Chernobyl 1-3 enter decommissioning phase

13 April 2015

The Chernobyl nuclear power plant in Ukraine has officially entered the decommissioning phase, following approval by the country's nuclear regulator. The first phase of decommissioning is the so-called final shutdown and preservation stage (FS&P), which is expected to take ten years.

On 26 April 1986, the Chernobyl plant suffered the worst nuclear accident in history when a power runaway event wrecked reactor 4. The three remaining reactor units, however, were vital to Ukraine's electricity needs and continued to operate for some years. Unit 2 shut down in 1991, unit 1 in 1996 and unit 3 in 2000. The decommissioning of units 1-3 is being carried out separately from that of the destroyed unit 4, which is expected to take many years longer to complete.

The move into the decommissioning phase for the first three units follows an order issued by the State Inspectorate for Nuclear Regulation of Ukraine (SNRC) that was announced on 9 April. SNRC said work will start on gradually bringing the three units into a 'conserved' state, beginning with FS&P. That permission follows issuance of a licence for decommissioning work at the site that SSE ChNPP, the state company tasked with managing the plant, obtained in March 2010. Public hearings on FS&P were held in 2013.

FS&P will be of "great positive significance" for areas of the Kiev region adjacent to the Chernobyl exclusion zone and for the northern city of Slavutych, in assisting their social and economic development, SSE ChNPP said in a statement on 9 April.

Work to bring the three units into a conserved state will be carried out in six stages between now and 2028. The first stage is to refurbish the water supply system for the plant's fire protection system. The second stage will involve the dismantling of the pressure tubes and control and protection channels of units 1 to 3. The reactors of units 1 and 2 will then be put into a state of care and maintenance in which they will lie undisturbed, allowing the remaining radioactivity to decay naturally. In the fourth stage, the roofs of the reactor halls of units 1 and 2 will be refurbished while the fuel handling machines of those units will be dismantled. The plant's third unit will then be put into care and maintenance, while in the final stage the unit's reactor hall roof will be refurbished and its fuel handling machinery dismantled.

SSE ChNPP said that the ultimate aim of the project is to bring units 1, 2 and 3 "to a condition that ensures safe, controlled storage of radioactive substances and sources of ionizing radiation within them." It said that the project will cost more than UAH385 million ($43 million).

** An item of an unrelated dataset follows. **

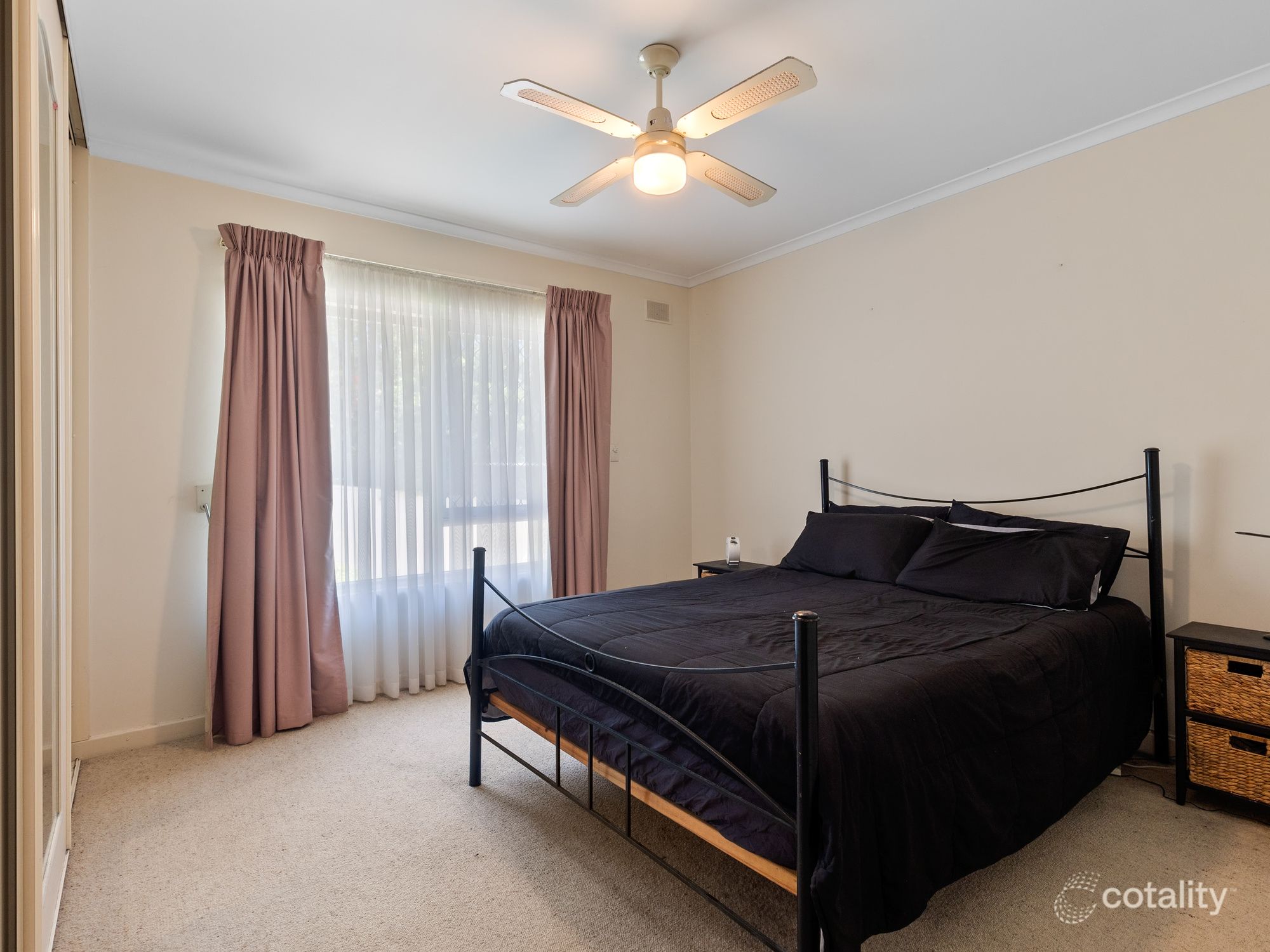 2/21 Matthew St, Bedford Park, SA 5042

For the period between 2028 and 2046, the most contaminated equipment will be removed from the units, while the reactors themselves will be dismantled between 2046 and 2064.

The European Bank for Reconstruction and Development said in March that construction of the Chernobyl New Safe Confinement for unit 4 was entering its final stage. The giant structure has been erected over the past four years in a secure area near the damaged reactor in two pieces which are about to be joined together. Meanwhile, a sophisticated ventilation system which will keep the structure corrosion-free during its lifespan is being installed.

The New Safe Confinement will make the old Chernobyl shelter and remnants of the damaged reactor safe and environmentally secure. Completion of the project is scheduled for the end of 2017. The total cost of the Shelter Implementation Plan, of which the New Safe Confinement is the most prominent element, is estimated to be around €2.15 billion ($3.09 billion). The New Safe Confinement alone accounts for €1.5 billion.

For the decommissioning of units 1, 2 and 3, the international community is financing, through the Nuclear Safety Account, the Interim Storage Facility 2 (ISF2) at a cost in excess of €300 million and the Liquid Waste Treatment Facility (LRTP). The ISF2 facility is currently in the final phase of construction and will process, dry and cut more than 20,000 fuel assemblies and place them in metal casks, which will be enclosed in concrete modules on site. The used fuel will then be stored safely and securely for a minimum period of 100 years. The LRTP received an operating licence at the end of 2014.